„Mir hat gefallen, einen Baum zu umarmen“, sagt Ida. Die zehn Kinder der neuen Waldläufer-Gruppe in Lohr, die sich seit Juni alle vier Wochen am Sendelbacher Romberg treffen, sitzen an einem Samstagnachmittag um ihre Feuerstelle. Die Reflexionsrunde, in der die Jungen und Mädchen zwischen sechs und zwölf Jahren am Ende des Tages zusammensitzen und über ihre Eindrücke berichten, gehört zum festen Ritual.

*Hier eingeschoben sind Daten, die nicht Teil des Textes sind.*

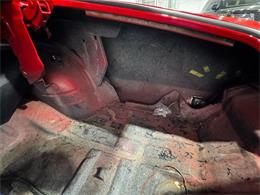 1971 Buick Skylark (CC-2103675) for sale in Commerce City, Colorado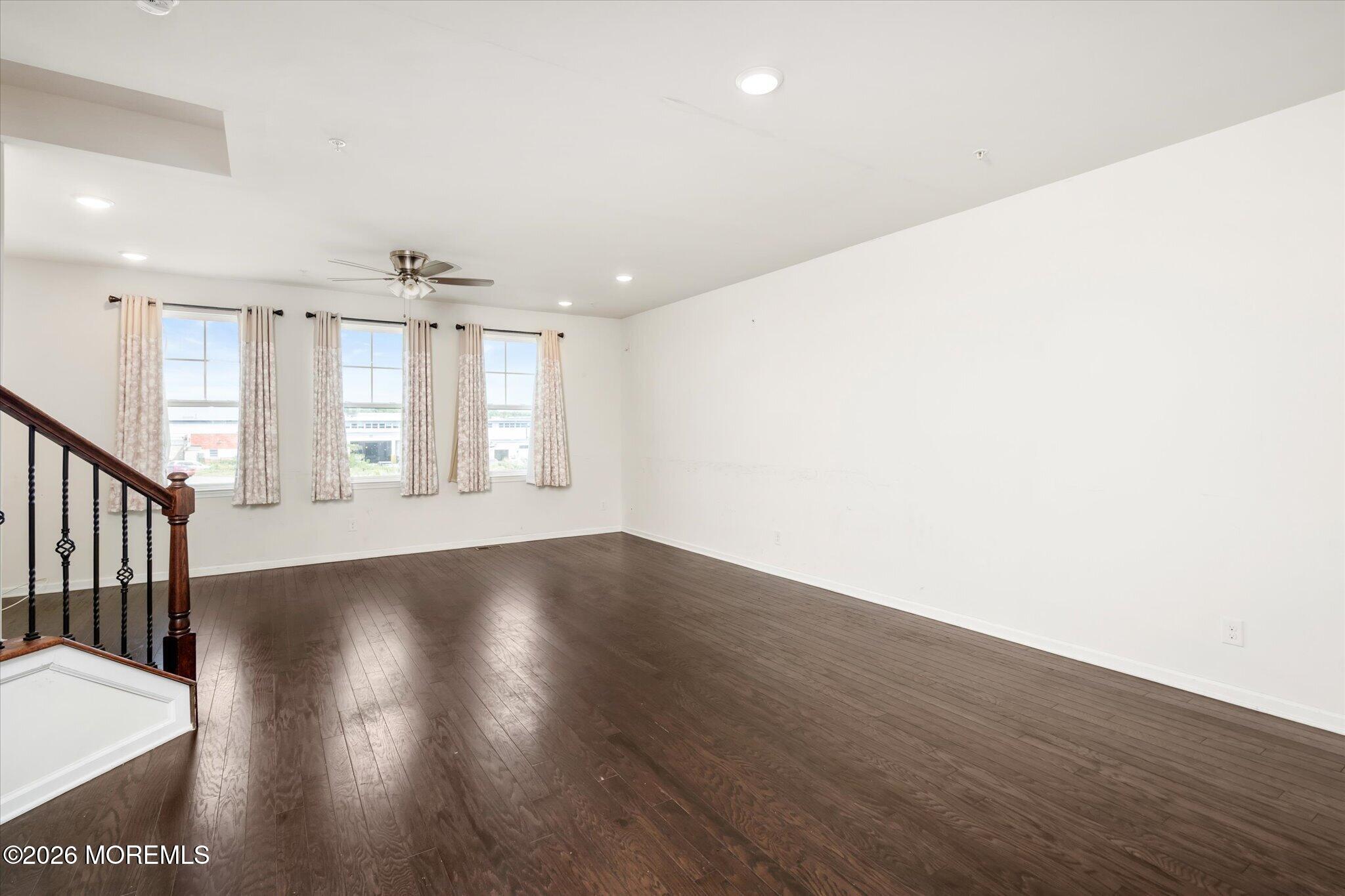 21 Green Street North Brunswick NJ 08902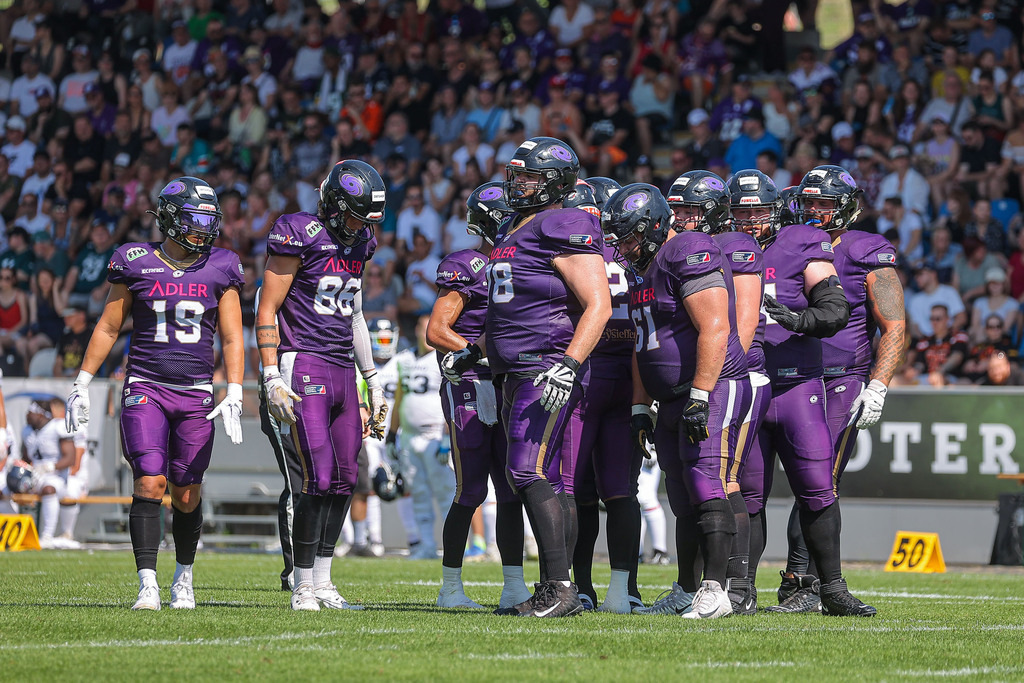 BQ3I3949 | jo-sportfotos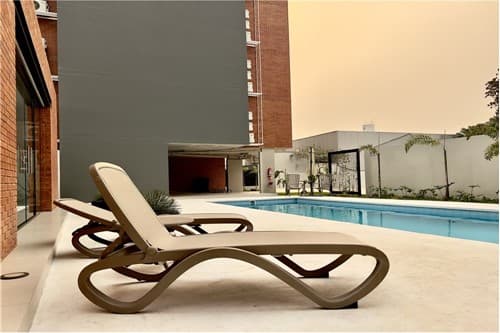 Departamento-Venta- Luque, Central, foto 1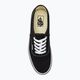 Batai Vans UA Authentic black 7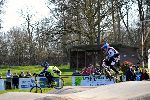 Photo albulle/datas/photos/Saison 2014-2015/Coupe du Centre/Nogent Le Roi/DSC_1221.jpg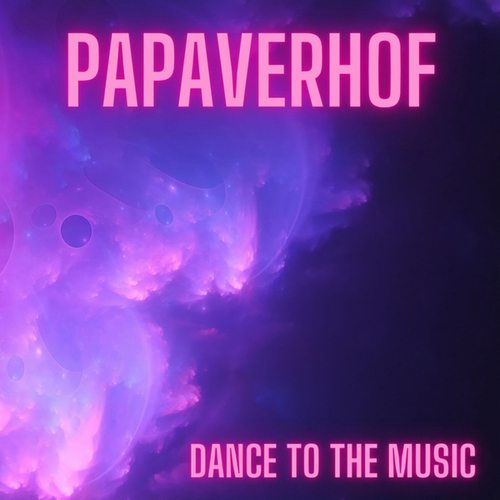 Papaverhof-Dance to the Music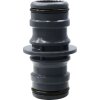 Spojka AQUACRAFT® 550912, MAX-Flow, 2W, 1" + praktický pomocník k objednávke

Finnja hat den Redestab in der Hand und ist als nächste an der Reihe. „Trotz des Regens haben wir das Feuer anbekommen“, verkündet sie stolz. Auf seinen heute fertig geschnitzten Stock verweist anschließend der achtjährige Andreas: „Darüber bin ich glücklich.“
Natalie Melchior ist die Leiterin der Gruppe. Sie hört zu, ermutigt und gibt Anregungen, wenn einer ihrer jungen Teilnehmer mit etwas unzufrieden war. Die Wildnispädagogin ist mit dem bisherigen Verlauf der Treffen sehr zufrieden. Die Gruppe habe sich gefunden und harmoniere mittlerweile gut, erklärt sie. Ein gutes halbes Dutzend Mal haben sich die Waldläufer bisher im Sendelbacher Wald auf dem Gelände des Waldkindergartens getroffen. „Der Kern der Teilnehmer ist stabil geblieben“, freut sich Melchior.
Vielseitig aktiv
Mit Geduld hat sie gemeinsam mit dem Initiator der Waldläufer-Gruppen, Nick de Rijke aus Würzburg, die Kinder für Natur und Umwelt begeistern können. „Am Anfang wollten die Kids noch nicht so richtig mitziehen“, erinnert sie sich. „Wenn es darum ging, Feuerholz zu sammeln, stand ich alleine da“ lacht die 39-jährige. Die Teamarbeit aber sei von Woche zu Woche besser geworden: „Die Kinder erkennen mittlerweile ihre Stärken und setzen sie ein.“ Dies ist beim abschließenden Lagerfeuer, dem Höhepunkt des Tages, ersichtlich. Die Jungen sammeln Feuerholz, die Mädchen bereiten das Grillgut vor. Heute gibt es Grillwürste und Kartoffeln, manchmal auch Bananen und Marshmallows.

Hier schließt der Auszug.